De plus, la méthode Ennéagramme est couramment présentée comme un enseignement agréé par le « Forum nord-américain sur la Catéchèse », l’organisme qui fournit aux paroisses et diocèses des Etats-Unis et du Canada les documents destinés à développer la foi des communautés et des individus. Ainsi cette méthode pénètre-t-elle au cœur même des croyances religieuses, du berceau à la tombe.
La méthode Ennéagramme a si bien étranglé l’authentique foi chrétienne, que certains la tiennent désormais pour la plus mortelle menace à ce jour dans la campagne entreprise pour éliminer les croyances traditionnelles chez les fidèles.
Comme le mot l’indique – »ennéa-gramme » signifie 9 points ou 9 signes – l’ennéagramme est une figure de mandala comportant 9 points dans un cercle. Le caractère de mandala de l’ennéagramme veut représenter le lotus, décrit par le psychologue Suisse Carl Jung comme « un symbole décrivant la tentative de réunir le soi« .
L’ennéagramme fut apporté en Occident par le maître spirituel asiate Georges Ivanovitch Gourdjeff. Gourdjeff, lui, le faisait provenir des maîtres musulmans soufis. La méthode atteint les Etats-Unis à travers des « maîtres spirituels » au Chili, en Bolivie et au Pérou. Au début des années 1970, elle fut diffusée par l’Institut Esalden3 à Big Sur (Californie) et par l’Université Loyola à Chicago.
On trouve maintenant une abondante littérature sur le sujet4.
La méthode ennéagramme enseigne qu’il existe très exactement 9 types de personnalités, chacune d’elle étant figurée par un des points de l’ennéagramme.
Chaque être humain correspond à un et un seul de ces types. Mais chacun reste indéfiniment auto-perfectible à l’intérieur de son type de personnalité. Cette idée est en réalité la résurgence d’une ancienne hérésie : le pélagianisme.
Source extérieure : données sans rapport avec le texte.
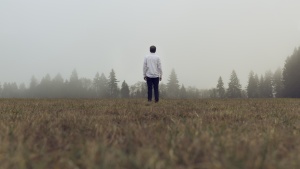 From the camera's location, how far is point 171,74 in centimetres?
14138

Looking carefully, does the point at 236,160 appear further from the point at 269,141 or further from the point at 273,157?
the point at 269,141

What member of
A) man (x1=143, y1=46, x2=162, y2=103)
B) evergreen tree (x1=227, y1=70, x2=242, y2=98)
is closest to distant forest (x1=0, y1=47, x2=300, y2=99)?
evergreen tree (x1=227, y1=70, x2=242, y2=98)

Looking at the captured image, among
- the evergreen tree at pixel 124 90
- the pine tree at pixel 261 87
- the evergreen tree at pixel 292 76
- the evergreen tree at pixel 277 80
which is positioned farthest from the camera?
the evergreen tree at pixel 124 90

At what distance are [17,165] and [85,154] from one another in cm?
55

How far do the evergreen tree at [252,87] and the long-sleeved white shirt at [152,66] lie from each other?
351 ft

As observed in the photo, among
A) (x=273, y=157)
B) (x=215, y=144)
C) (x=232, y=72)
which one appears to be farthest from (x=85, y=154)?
(x=232, y=72)

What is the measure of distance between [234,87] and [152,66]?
110 metres

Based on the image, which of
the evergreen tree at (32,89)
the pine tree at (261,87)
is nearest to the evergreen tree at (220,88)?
the pine tree at (261,87)

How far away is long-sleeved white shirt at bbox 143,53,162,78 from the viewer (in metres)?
14.9

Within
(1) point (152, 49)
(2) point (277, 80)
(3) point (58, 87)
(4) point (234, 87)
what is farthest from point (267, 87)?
(1) point (152, 49)

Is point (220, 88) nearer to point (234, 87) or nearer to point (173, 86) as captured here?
point (234, 87)

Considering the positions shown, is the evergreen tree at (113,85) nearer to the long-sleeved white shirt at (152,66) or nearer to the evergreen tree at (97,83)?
the evergreen tree at (97,83)

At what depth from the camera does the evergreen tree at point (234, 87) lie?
393 ft

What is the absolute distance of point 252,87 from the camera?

Elle contredit la notion chrétienne fondamentale que nous dépendons absolument d’une action de la grâce divine pour toute perfection morale. Réduits à nous-mêmes, nous demeurons impuissants. Non seulement nous ne sommes pas auto-perfectibles, mais nous ne pourrons jamais échapper par nous-mêmes à l’emprise de notre nature pécheresse. Seule la grâce surnaturelle nous en rend capable. Et cette grâce est un don gratuit venant de Dieu.
L’enseignement de la méthode Ennéagramme met Dieu hors circuit avec sa grâce.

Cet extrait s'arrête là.